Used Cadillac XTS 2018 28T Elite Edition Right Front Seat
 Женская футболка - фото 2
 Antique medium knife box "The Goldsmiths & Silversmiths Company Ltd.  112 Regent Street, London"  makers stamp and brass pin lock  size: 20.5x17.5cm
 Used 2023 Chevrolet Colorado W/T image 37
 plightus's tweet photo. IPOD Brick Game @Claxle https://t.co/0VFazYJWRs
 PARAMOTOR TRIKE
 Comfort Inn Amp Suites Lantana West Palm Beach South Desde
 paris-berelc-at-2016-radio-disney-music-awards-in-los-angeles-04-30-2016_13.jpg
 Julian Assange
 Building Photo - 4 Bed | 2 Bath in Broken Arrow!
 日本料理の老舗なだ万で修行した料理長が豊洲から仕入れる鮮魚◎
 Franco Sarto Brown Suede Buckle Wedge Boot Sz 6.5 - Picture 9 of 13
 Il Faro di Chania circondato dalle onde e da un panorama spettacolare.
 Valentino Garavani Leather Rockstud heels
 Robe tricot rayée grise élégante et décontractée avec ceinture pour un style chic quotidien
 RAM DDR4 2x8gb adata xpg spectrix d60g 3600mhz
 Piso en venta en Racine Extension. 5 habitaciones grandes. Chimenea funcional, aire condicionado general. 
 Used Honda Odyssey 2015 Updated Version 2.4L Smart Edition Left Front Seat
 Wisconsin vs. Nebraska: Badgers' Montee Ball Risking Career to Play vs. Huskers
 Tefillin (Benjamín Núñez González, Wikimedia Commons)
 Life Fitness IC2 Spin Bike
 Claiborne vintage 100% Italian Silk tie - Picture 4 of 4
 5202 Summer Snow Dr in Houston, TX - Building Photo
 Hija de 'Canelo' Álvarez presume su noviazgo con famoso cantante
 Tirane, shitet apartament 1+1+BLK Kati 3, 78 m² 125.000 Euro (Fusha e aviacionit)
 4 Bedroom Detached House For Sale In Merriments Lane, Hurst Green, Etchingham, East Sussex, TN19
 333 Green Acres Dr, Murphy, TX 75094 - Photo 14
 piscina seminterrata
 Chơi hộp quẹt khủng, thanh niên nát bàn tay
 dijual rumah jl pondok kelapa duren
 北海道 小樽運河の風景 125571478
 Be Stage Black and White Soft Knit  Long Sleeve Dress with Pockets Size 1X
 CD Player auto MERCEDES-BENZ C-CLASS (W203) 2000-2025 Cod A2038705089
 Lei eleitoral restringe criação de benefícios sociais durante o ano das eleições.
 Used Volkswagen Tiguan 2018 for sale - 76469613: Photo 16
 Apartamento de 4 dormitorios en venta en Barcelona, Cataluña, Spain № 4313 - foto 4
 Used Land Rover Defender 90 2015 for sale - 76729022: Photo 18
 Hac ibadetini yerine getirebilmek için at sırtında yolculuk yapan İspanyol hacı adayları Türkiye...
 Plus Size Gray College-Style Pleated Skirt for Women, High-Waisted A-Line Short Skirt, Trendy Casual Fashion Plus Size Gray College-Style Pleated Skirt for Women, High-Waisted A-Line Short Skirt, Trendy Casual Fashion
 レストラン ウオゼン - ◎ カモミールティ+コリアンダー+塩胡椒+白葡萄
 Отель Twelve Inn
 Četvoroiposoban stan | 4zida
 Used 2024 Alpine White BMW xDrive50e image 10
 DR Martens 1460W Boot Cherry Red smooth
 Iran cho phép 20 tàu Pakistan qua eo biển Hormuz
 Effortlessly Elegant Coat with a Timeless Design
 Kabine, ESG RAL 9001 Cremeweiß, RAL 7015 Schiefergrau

□ □ □ □ □

- _What to work on_
Copy all lines of the records in which the string "Picture" can be found.

- _Completed exercise_
 Franco Sarto Brown Suede Buckle Wedge Boot Sz 6.5 - Picture 9 of 13
 Claiborne vintage 100% Italian Silk tie - Picture 4 of 4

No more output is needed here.